We preach Christ in the glory of His second coming. As this great and august event approaches- and the time of the end speeds on- it is of solemn moment that the trumpet of the Lord's ministers give no hesitating and uncertain sound touching this great and glorious truth. Paul, though living so remote from the time of the second advent of Christ, constantly made it the theme of his ministry and the burden of his epistles. "I beseech you by the coming of the Lord," was his frequent and impressive argument when enforcing holiness, or urging us to entire surrender to God. Yes, the Lord is at hand! He is coming to gather in His ancient people Israel, to confront the Antichrist yet to be revealed and then to be overthrown, to punish with judgments the idolatrous nations of the earth, and finally to Judge the ungodly, and to reign over and among His people gloriously. He will come as a thief in the night; blessed are they who shall then be counted worthy to stand before the Son of man!
My reader, let me devote the brief space yet left me in pressing home upon your attention the personal question- Have you been arrested by Christ? Has He 'apprehended' you by His Spirit in the midst of your hatred and rebellion, your pleasure and worldliness? In other words, are you truly converted by His grace? Has Jesus called you, not with the audible voice that arrested Saul, but by the still, small voice of His Spirit in your heart? Oh to hear Him say, "I am Jesus! whom you have long disbelieved and despised; I am Jesus, whose grace you have scorned, whose salvation you have neglected, with whose blood you have trifled. I am Jesus who, notwithstanding all, is able and willing to save you to the uttermost." The Lord of His grace grant that you may hear that voice speaking mercy, and saying, "Come unto me," before you hear it speaking to you in judgment, and saying, "Depart from me!"

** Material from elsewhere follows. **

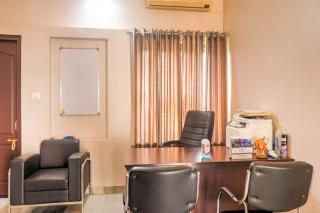 Super Townhouse Amaraa Farms Near LuLu Hypermarket - 1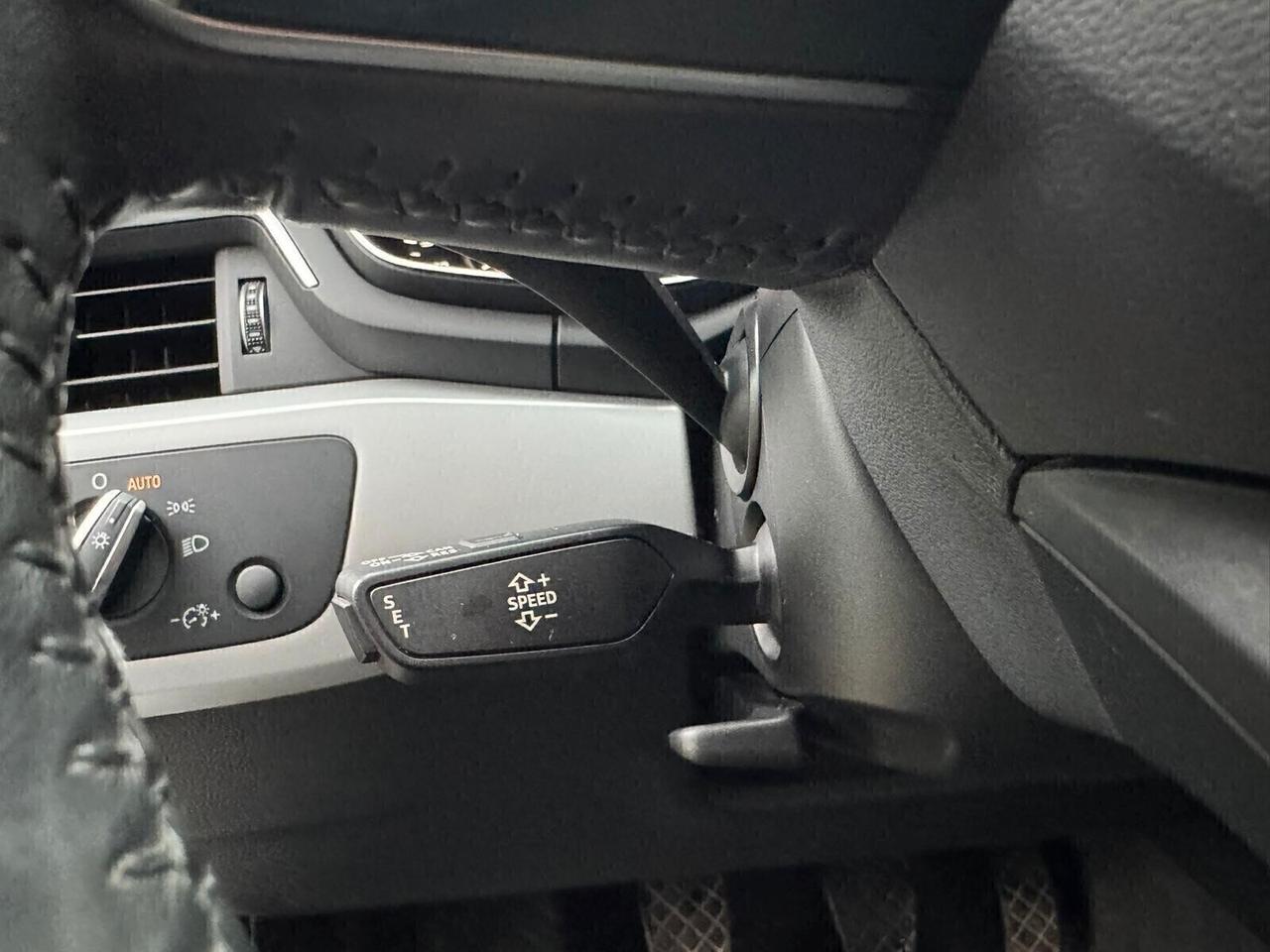 AUDI A4 2.0 TDI 122 CV BUSINESS UNIP ZERO ANTICIPO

Let me close these pages as I commenced them. If, my reader, you are a disbeliever in the divine authority of the Bible, a rejecter of the truth of Christianity, let me implore you candidly and prayerfully to weigh the evidence of the Christian faith afforded by the remarkable conversion of Saul of Tarsus. And the Lord grant that by the Spirit, it may convince you, as it carried conviction to the skeptical mind of Lord Lyttleton, that God's Word Is True! and thus may you henceforth become a disciple and follower of the Savior now, and a jewel in His crown hereafter. For this let us pray. O God, who through the preaching of the blessed apostle Paul, have caused the light of the gospel to shine throughout the world; grant, we beseech You, that we, having his wonderful conversion in remembrance, may show forth our thankfulness unto You for the same, by following the holy doctrine which He taught, through Jesus Christ our Lord. Amen.